Figure 1. HEVC divides video frames into a hierarchical quadtree coding structure that uses coding units, prediction units and transform units. CUs, TUs and PUs are grouped in a treelike structure, with the individual branches having different depths for different portions of a picture, all of which form a generic quadtree segmentation structure of large coding units. NEW YORK Internet video has become a practical medium for the delivery of video content to consumers. What has made this possible is the development of video compression, which lowers the enormous amount of bandwidth required to transport video to levels practical with most Internet connections.
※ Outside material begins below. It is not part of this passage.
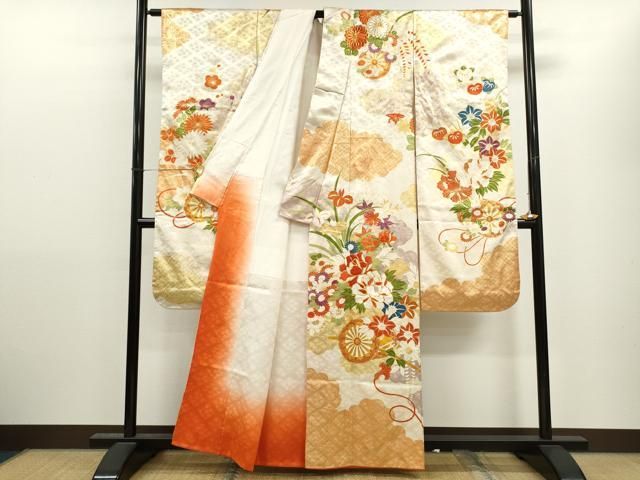 平和屋着物▽豪華振袖 駒刺繍 雲取り花車文 金彩 正絹 逸品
In this article, well examine some of the technical and business issues associated with two video codec frontrunners: HEVC and VP9.
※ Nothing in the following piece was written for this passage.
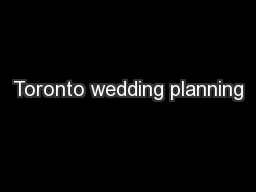 Toronto wedding planning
HEVC, for High Efficiency Video Coding, is also called MPEG-H Part 2 and ITU-T H.265. It represents a state-of-the-art video compression standard that provides about a 50 percent bitrate savings over H.264/MPEG-4 AVC, which in turn provided a similar efficiency over its MPEG-2 predecessor.
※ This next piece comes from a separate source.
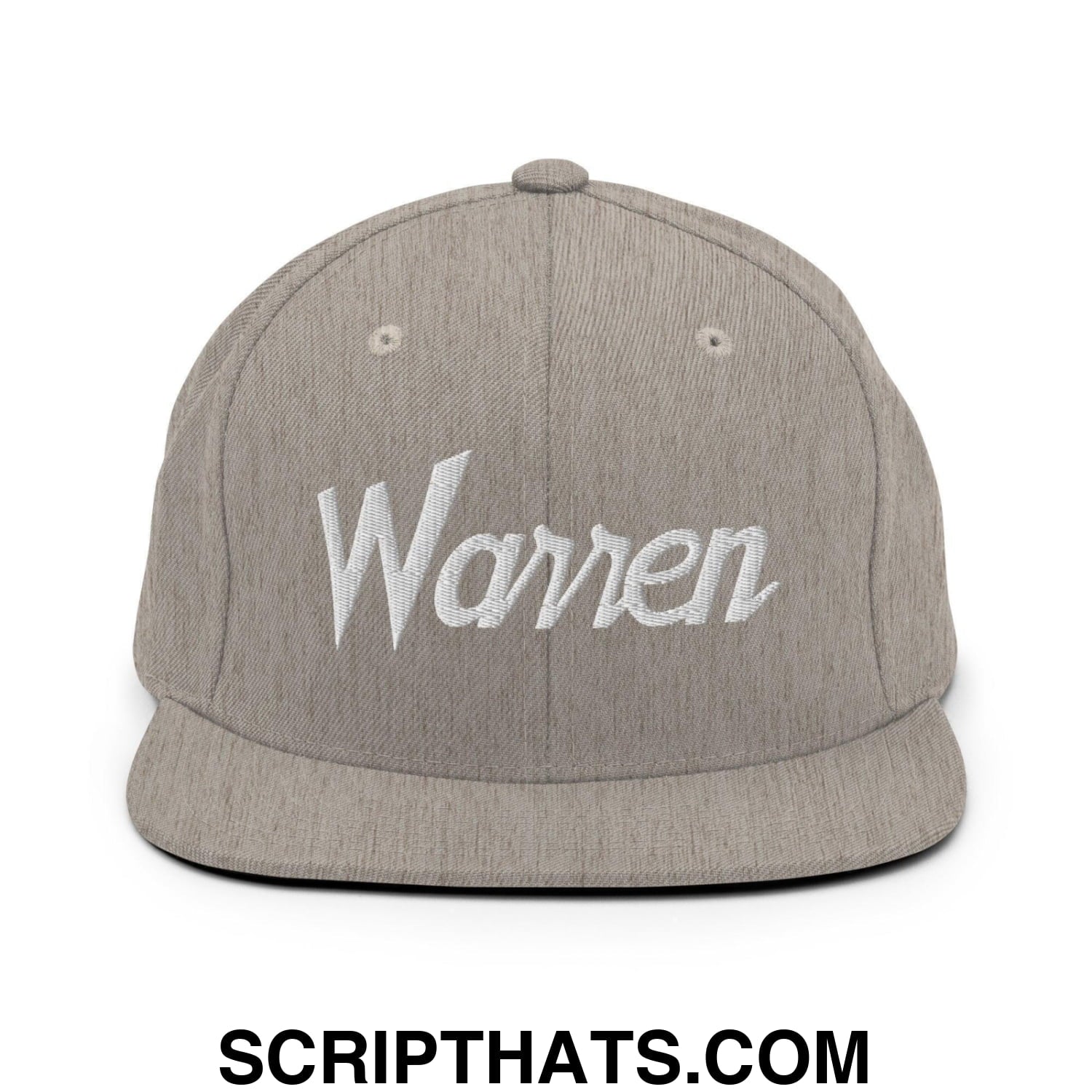 Warren Script Snapback Hat Heather Grey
AVC solutions have already become widespread in many professional and consumer devices. HEVC, having been ratified by ISO and ITU in 2013, is similarly growing in the same applications, and would appear to be on the road to replacing the earlier codecs. But while MPEG and HEVC have been developed by standards committees representing a legion of strong industrial players, other forces have sought to displace their primacy, most notably, Google, with its VP9. Lets look at the toolkit of each codec.
HEVC incorporates numerous improvements over AVC, including a new prediction block structure and updates that include intra-prediction, inverse transforms, motion compensation, loop filtering and entropy coding. HEVC uses a new concept called coding units (CUs), which sub-partition a picture into arbitrary rectangular regions. The CU replaces the macroblock structure of previous video coding standards, which had been used to break pictures down into areas that could be coded using transform functions. CUs can contain one or more transform units (TUs, the basic unit for transform and quantization), but can also add prediction units (PUs, the elementary unit for intra- and inter-prediction).
While AVC improved on MPEG-2 by allowing multiple block sizes for transform coding and motion compensation, HEVC coding tree blocks can be either 64x64, 32x32, 16x16 or 8x8 pixel regions, and the coding units can now be hierarchically subdivided, all the way down to 4x4 sized units. The use of tree blocks allows parallel processors to decode and predict using data from multiple partitions called wavefront parallel processing, which supports multi-threaded decode.
Because this new coding structure avoids the repetitive blocks of AVC, HEVC is better at reducing blocking artifacts, while at the same time providing a more efficient coding of picture details. HEVC also specifies several planar and DC modes, which reconstruct smooth regions or directional structures in a way that hides artifacts better. An internal bit-depth increase allows encoding of video pictures by processing them with a color depth higher than 8 bits.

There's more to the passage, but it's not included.